皮切りとなったのは14分、チャビのフリーキックだった。これは惜しくも壁によって弾かれるが、15分にはイニエスタとエトーによる絶妙のコンビネーション、さらには16分のイニエスタ・アンリ・チャビとパスを展開しての→イニエスタシュート、というふうにチャンスは続いていく。そして24分からは、盛大なるゴールショーのスタートである。
最初のゴール主はアンリだった。ピッチ中央手前でボールをカットしたマルケスから、リヨンのライン裏へと絶妙のパスが出る。これにアンリが反応し、一気に抜け出してゴールを陥落せしめた。スピードに乗った、アンリらしい得点だった。さらにティティは3分後の27分、2点目をゲット。ゴール正面エリア際のチャビからのパスを受け、上手くオフサイドをかいくぐってネットに突き刺した。

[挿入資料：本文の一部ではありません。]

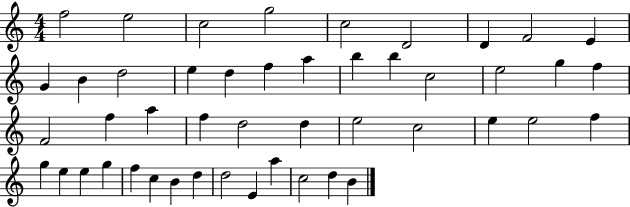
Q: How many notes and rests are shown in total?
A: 47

合計スコア3-1となり、バルサは勝利へ大きく前進。だがフィエスタはまだ終わらない。39分、3点目の主はレオ・メッシだった。右サイドにて大きな展開のパスを受け取ったメッシが、そのままドリブル突進。デフェンサをひらりひらりとかわしてエリア内に侵入すると、エトーとの壁パスを経て、ゴール正面でフリーに。その隙を見逃さず、ズバッとゴール左隅へとボールを流し込んだ。一気加速の爆発力は圧巻!
となれば、あとはあの人であり、あの人はその期待に応えてくれた。42分、左サイドのアンリからのパスを受けた中央のエトーが、ワンタッチでさくっとマークを外す。この時点で、エトーはGKと1対1。そしてペナルティスポット地点から、どうだとばかりに右足を振り抜いた。諦めず、ゴールをしつこく狙い続けたご褒美だ。ゴール後、ピッチサイドにて何故だか警官風に敬礼。隣でアンリがマネをする。4-0。合計スコア5-1。勝負は決まった。
しかしハーフタイム間際の43分、右コーナーからあっさりとマクーンにヘッドで1点返されてしまうのはバルサらしいといえるが、いただけない。マンチェスター、チェルシー相手なら致命傷となりかねず、対セットプレーは修正課題であり続ける。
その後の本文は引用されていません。